Would you please transcribe exactly the lines from the one containing "amor, praia, palavra, mar, romance, Verão, romântico" through the end of the material below, and only those?

_SOURCE DATA_
==================================================

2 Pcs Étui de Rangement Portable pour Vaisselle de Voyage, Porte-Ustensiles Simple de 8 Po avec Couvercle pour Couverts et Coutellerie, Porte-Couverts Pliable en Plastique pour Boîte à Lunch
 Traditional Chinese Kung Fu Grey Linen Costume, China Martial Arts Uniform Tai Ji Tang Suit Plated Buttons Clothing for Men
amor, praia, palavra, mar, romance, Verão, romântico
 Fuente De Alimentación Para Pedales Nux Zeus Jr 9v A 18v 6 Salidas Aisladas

==================================================

_EXERCISE RESULT_
amor, praia, palavra, mar, romance, Verão, romântico
 Fuente De Alimentación Para Pedales Nux Zeus Jr 9v A 18v 6 Salidas Aisladas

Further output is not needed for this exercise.